Eurocopter a traversé des zones qui furent autrement plus turbulentes. Les directions de l’époque et les partenaires sociaux ont toujours su trouver les solutions afin de préserver l’entreprise et ses salariés.
Il y eut tout de même quelques départs massifs de séniors dont nous avons encore aujourd’hui du mal à nous remettre en termes de perte de compétence.
Car même en période difficile, il faut absolument maintenir les compétences. Hors certaines sont aujourd’hui détenues de manière exclusive par des sous-traitants voire par certains salariés en intérim !
Dans les périodes d’incertitudes comme celle que nous allons traverser, les seules vraies valeurs qui restent à une entreprise sont le travail, la transparence et l’équité.
· Le travail : Les salariés s’en chargent.
· La transparence : Elle devra être de mise sur la déclinaison dans la structure hiérarchique des directives données au plus haut niveau.
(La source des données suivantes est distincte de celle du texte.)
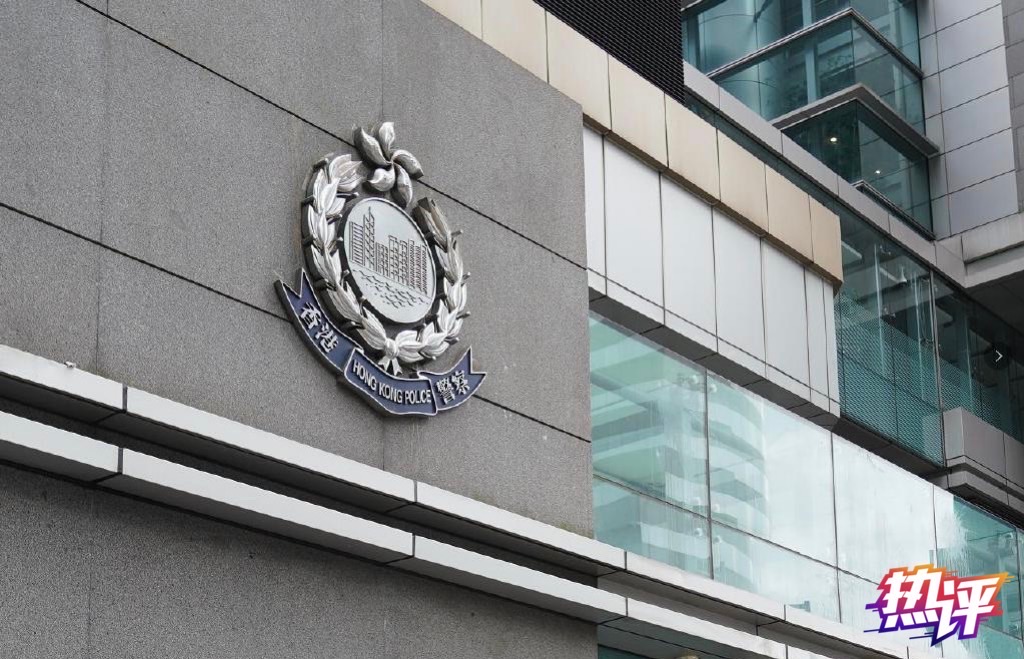 「文汇报」央视热评丨香港“本土恐怖主义”为何抬头？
En particulier sur les méthodes mises en place pour effectuer les « économies de structures ».
· La transparence, encore, sera nécessaire sur les investissements qui devront continuer à être mis en place.
· La transparence, enfin, sera indispensable sur ce qui se passera dans les différents établissements d’Eurocopter.
Tout ceci afin de garantir l’équité entre tous les salariés du groupe !
Si les salariés sentent que la direction va dans ce sens, alors il n’y a certainement pas besoin de société de sondage pour mesurer leur engagement !
La CFE-CGC demande à la direction de revenir vers les salariés rapidement si la situation décrite ce jour venait à changer dans le second semestre.